[Opening Records section]

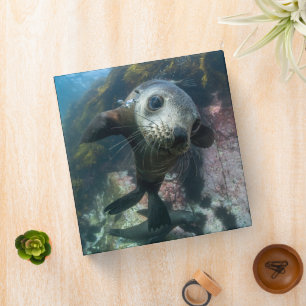 Cutest Baby Animals   Underwater Cape Fur Seal Binder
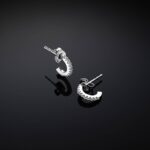 Orecchini Chiara Ferragni Brand Silver Boccole 10mm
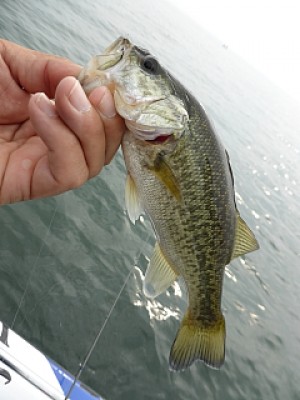 truth news ブログ写真 2013/11/04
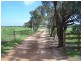 123 HALL ROAD, Waggrakine WA 6530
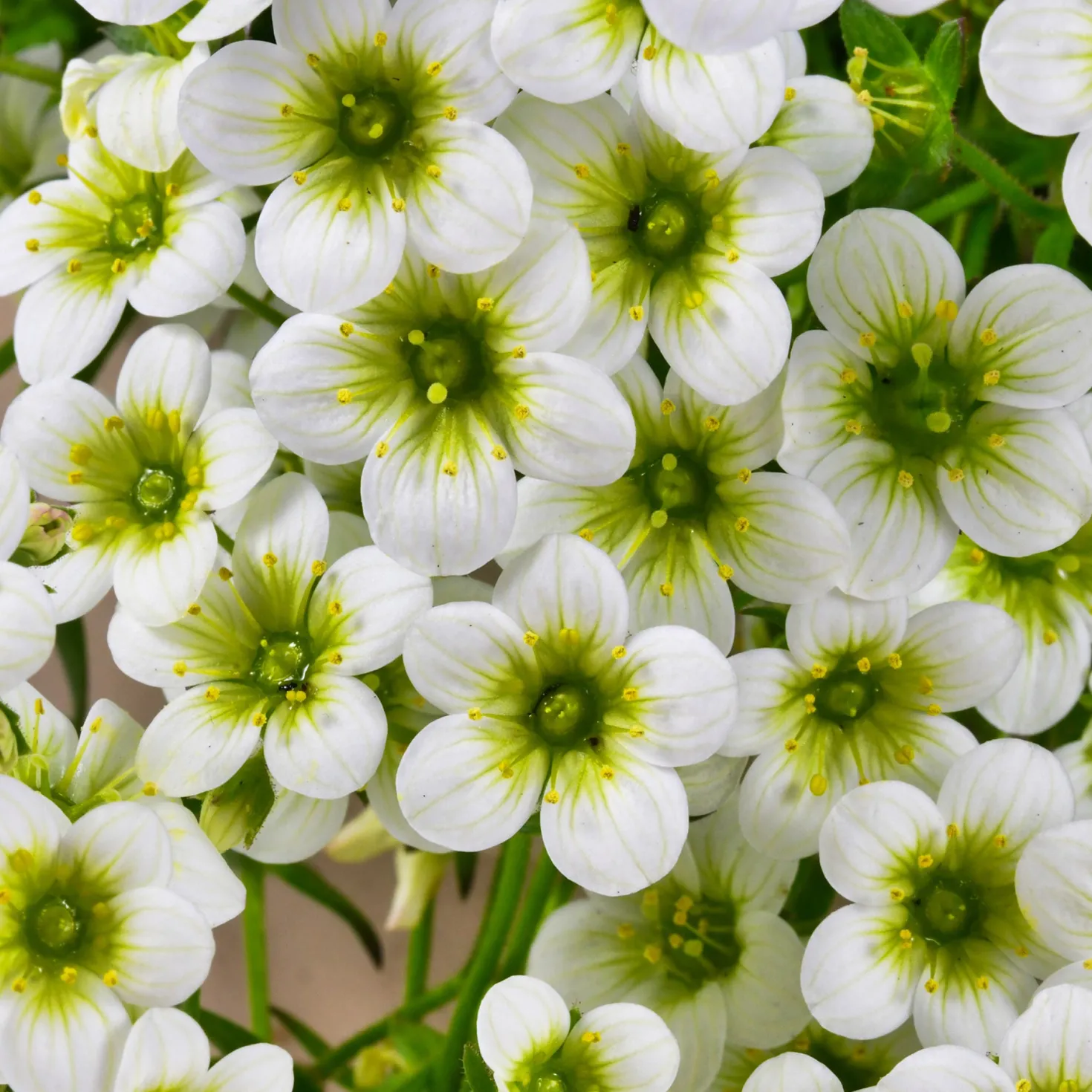 Moos-Steinbreche 'Pixie White' - Weißer Blütenteppich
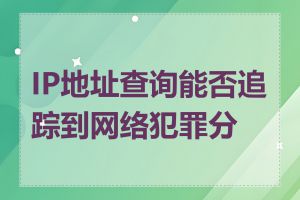 IP地址查询能否追踪到网络犯罪分子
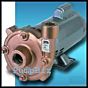 AMT 4893-97 High Pressure Bronze Centrifugal Pump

[Closing Records section]

> **Work request**
The copy you produce must repeat all the entries exactly and contain no pictures.

> **Response**
 Cutest Baby Animals   Underwater Cape Fur Seal Binder
 Orecchini Chiara Ferragni Brand Silver Boccole 10mm
 truth news ブログ写真 2013/11/04
 123 HALL ROAD, Waggrakine WA 6530
 Moos-Steinbreche 'Pixie White' - Weißer Blütenteppich
 IP地址查询能否追踪到网络犯罪分子
 AMT 4893-97 High Pressure Bronze Centrifugal Pump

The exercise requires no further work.